La transmission est-elle une question de savoir ?
La transmission est avant tout une question d’empowerment, à savoir la (relative) maîtrise d’une capacité et la (relative) légitimité à l’exercer. Ces deux aspects sont indissociables. Combien de fois ai-je entendu des personnes me dire : « je ne sais pas faire » alors qu’elles étaient avant tout en souci de légitimité à faire. La capacité de transmettre suppose une double vigilance : à la fois une vigilance sur les conditions socio-politiques de l’énonciation afin d’assurer la pluralité des prises de parole et des récits ; à la fois une vigilance sur les dispositions « méthodologiques » (qui relève aussi d’une « méthode politique ») retenues par le collectif afin de préserver une réelle disponibilité d’écoute, à savoir notre capacité à accueillir ce que l’expérience nous dit par son récit. Souvent, je me rends compte dans la vie des collectifs que les personnes sont insuffisamment attentives aux situations d’échange. Dans quelles dispositions nous trouvons-nous ? Quelle est notre disponibilité d’écoute ? Quelles sont les dispositions prises, en termes de dispositifs et de protocoles d’échange, pour faciliter la transmission et réguler la discussion ? Les enjeux du « care » (prendre soin, marquer de l’attention, favoriser la reconnaissance) s’appliquent aussi à nos collectifs [8]. Je ne crois pas qu’il faille posséder un savoir particulier pour transmettre et partager, par contre il faut disposer de conditions propices, et ces conditions, il convient de les imaginer collectivement. Pour les collectifs, la question pourrait bien se poser plus en termes d’imagination [9] que, strictement, en termes de savoirs mobilisables.
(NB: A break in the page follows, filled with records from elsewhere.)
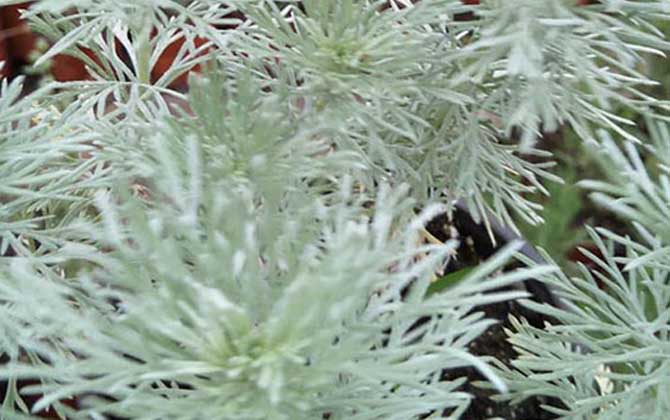 烧仙草是什么植物 适宜温度是多少/烧仙草是什么植物图片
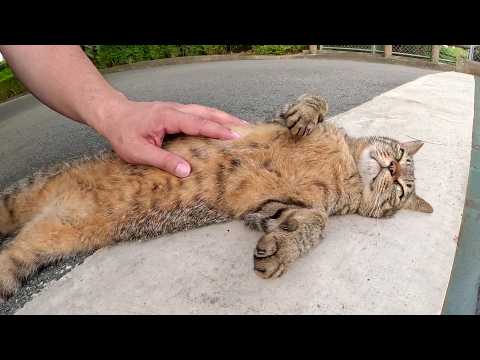 橋で夕陽を眺めていたキジ猫コンビがお腹を見せて甘えてきた(YouTube)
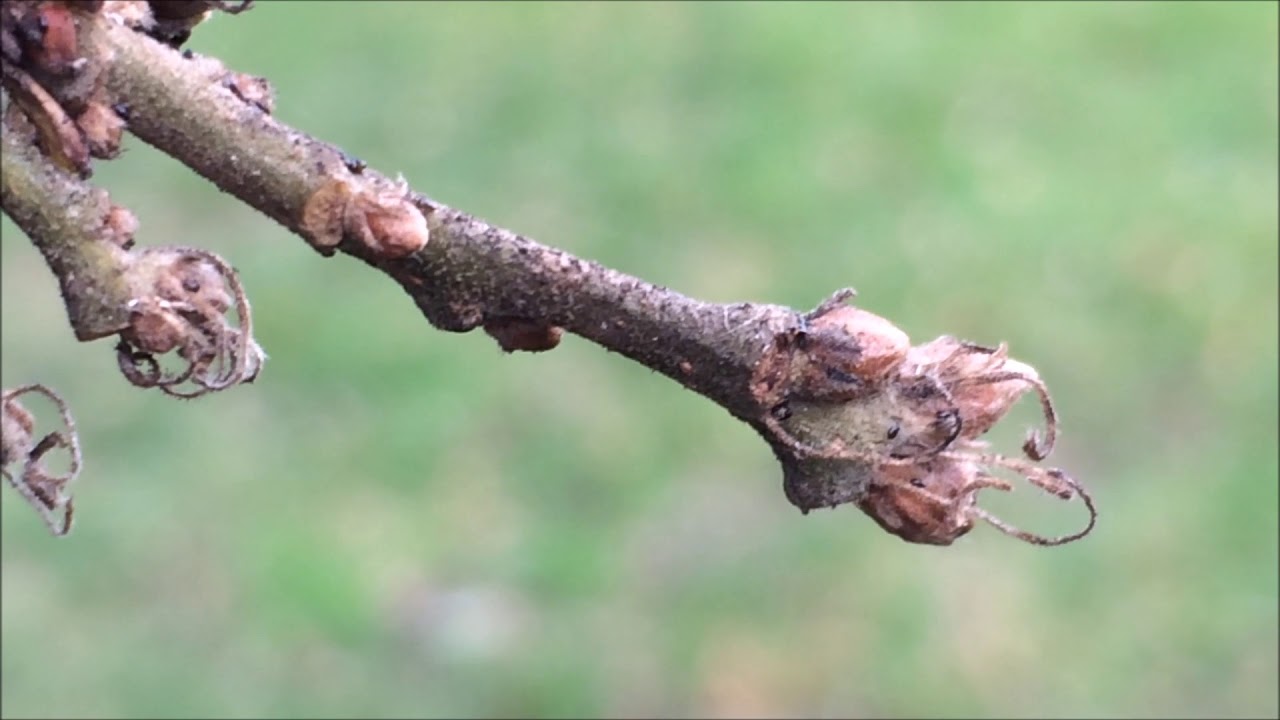 <p><strong><em>Quercus cerris</em></strong></p><p><strong>vrcholové pupeny s vytrvalými palisty </strong>nahloučené na koncích letorostů, průřez pupenem pětiúhelníkovitý</p><p><strong>slabší větvička a kulatými až vejcovitými pupeny</strong></p>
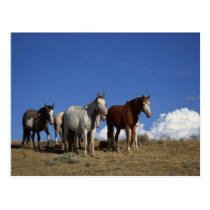 Caballos derechos en pasto occidental tarjetas postales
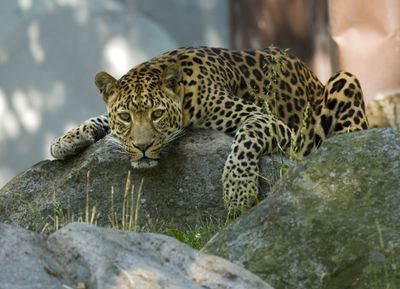 Amur leopards - China/Russia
Pascal NICOLAS-LE STRAT, juillet 2019
[1] In Le partage du sensible (esthétique et politique), éd. La Fabrique, 2000.
[2] Benjamin Roux, L’art de conter nos expériences collectives (Faire récit à l’heure du storytelling), Éditions du commun, 2018.
[3] Christine Delory-Momberger et Rémi Hess, Le sens de l’histoire – Moments d’une biographie, Economica, 2001, p. 16.
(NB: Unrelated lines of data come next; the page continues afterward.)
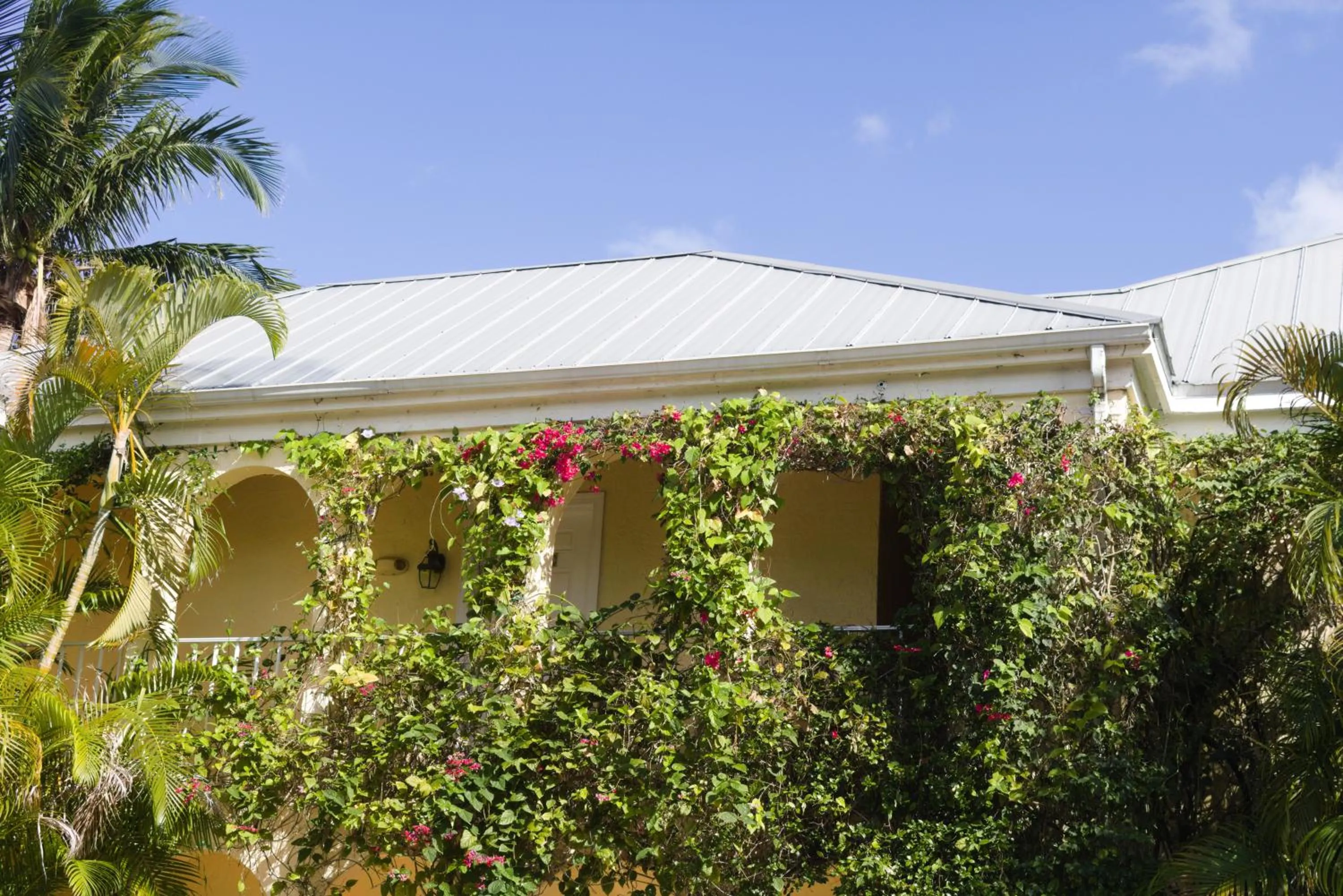 Property building in The Caribbean Court Boutique Hotel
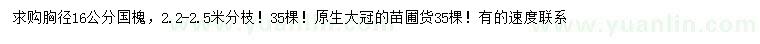求購胸徑16公分國槐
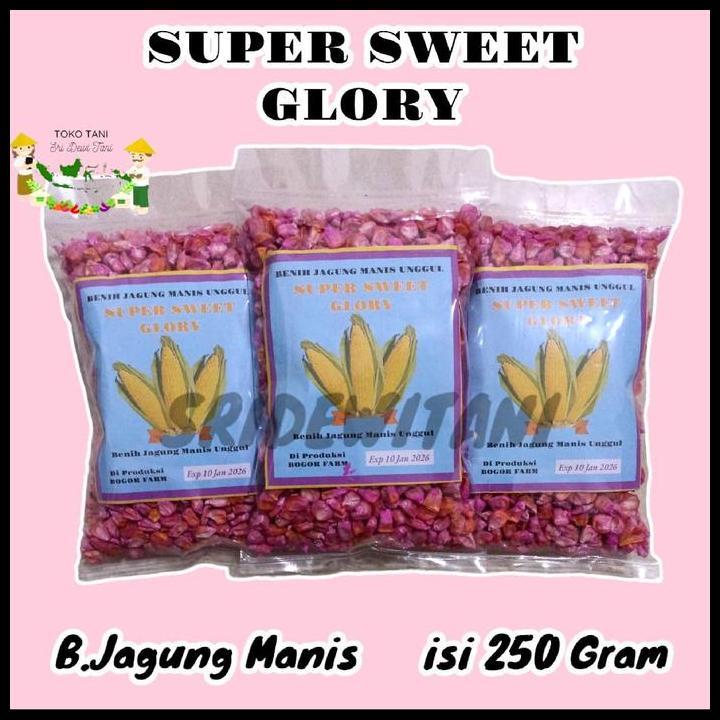 Harga Promo Bibit Benih Jagung Manis Sweet Glory 500 Gram Bibit Jagung Manis Madu Kuning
[4] Anne Querrien, L’école mutuelle. Une pédagogie trop efficace ?, Les empêcheurs de penser en rond, 2005. Voir à ce propos l’entrée de mon almanach en ligne consacrée à cette notion : https://pnls.fr/ecole-mutuelle/.
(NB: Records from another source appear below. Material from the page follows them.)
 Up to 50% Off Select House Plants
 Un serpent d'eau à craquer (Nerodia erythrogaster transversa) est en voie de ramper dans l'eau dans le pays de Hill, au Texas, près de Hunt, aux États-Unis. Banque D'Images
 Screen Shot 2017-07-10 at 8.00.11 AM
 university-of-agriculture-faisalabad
[5] Édition Amsterdam, 2010.
[6] Idem, p. 68.
[7] Ce journal a été repris dans mon livre Fabrique de sociologie (Chroniques d’une activité, novembre 2009 / février 2011), Fulenn, 2011. En libre accès au format ePub : https://pnls.fr/fabrique-de-sociologie-chroniques-dune-activite-novembre-2009-fevrier-2011-livre-epub/.
[8] Pascale Molinier, Le travail du care, La Dispute, 2013.
[9] Cornélius Castoriadis, L’institution imaginaire de la société, Le Seuil, 1975.